There's a song I remember called "One More Day" by Diamond Rio. The lyrics basically go "One more day, one more time, one more sunset, maybe I'd be satisfied, but then again, I know what it would do, leave me wishing still, for One More Day with you."

I don't know if it was written as a breakup song, but it definitely is a grieving song. And it speaks to me, because it's true - even if I was granted the amazing gift of just one more day with my girl, it would never satisfy me - I'd only wish for another, and another... Like we were supposed to have.

I did appreciate my girlfriend when she was here. But I still feel like I didn't appreciate her enough. Like you, she was complaining of some sickness but I figured she knew herself better than anyone and would go in herself if she truly felt she needed to. Now I wish I'd have made her go in when she was sick.

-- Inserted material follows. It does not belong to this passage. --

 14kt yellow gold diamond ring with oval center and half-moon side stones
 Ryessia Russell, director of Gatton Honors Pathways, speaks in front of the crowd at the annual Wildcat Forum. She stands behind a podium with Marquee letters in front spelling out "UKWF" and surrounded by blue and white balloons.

She was only 22. We had our lives ahead of us together. It's true, that a great relationship is the fusing of two lives, the intertwining of two souls for better or for worse, to find that one other human being you actually want to experience the journey of life with together. And once you find that one person, everything you do with them matters. Every moment, every memory, even every fight or stressful moment, it all stands to represent this bond you share. When the bond breaks, you're suddenly left with only half of you. The other person truly does take your spirit with them. 

I died a lot the day she died. I'm still here physically, but she took my spirit, my happiness with her to the other side.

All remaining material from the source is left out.